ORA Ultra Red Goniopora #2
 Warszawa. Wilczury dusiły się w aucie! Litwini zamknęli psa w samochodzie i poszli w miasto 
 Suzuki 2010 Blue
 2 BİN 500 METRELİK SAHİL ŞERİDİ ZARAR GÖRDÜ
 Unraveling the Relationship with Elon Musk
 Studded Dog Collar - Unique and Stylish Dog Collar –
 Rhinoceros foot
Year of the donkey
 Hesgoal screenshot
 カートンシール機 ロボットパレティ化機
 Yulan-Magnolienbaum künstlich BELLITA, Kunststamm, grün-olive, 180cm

## [Description of the task]
Please write the entries out again exactly as they stand.

## [Exercise response]
ORA Ultra Red Goniopora #2
 Warszawa. Wilczury dusiły się w aucie! Litwini zamknęli psa w samochodzie i poszli w miasto 
 Suzuki 2010 Blue
 2 BİN 500 METRELİK SAHİL ŞERİDİ ZARAR GÖRDÜ
 Unraveling the Relationship with Elon Musk
 Studded Dog Collar - Unique and Stylish Dog Collar –
 Rhinoceros foot
Year of the donkey
 Hesgoal screenshot
 カートンシール機 ロボットパレティ化機
 Yulan-Magnolienbaum künstlich BELLITA, Kunststamm, grün-olive, 180cm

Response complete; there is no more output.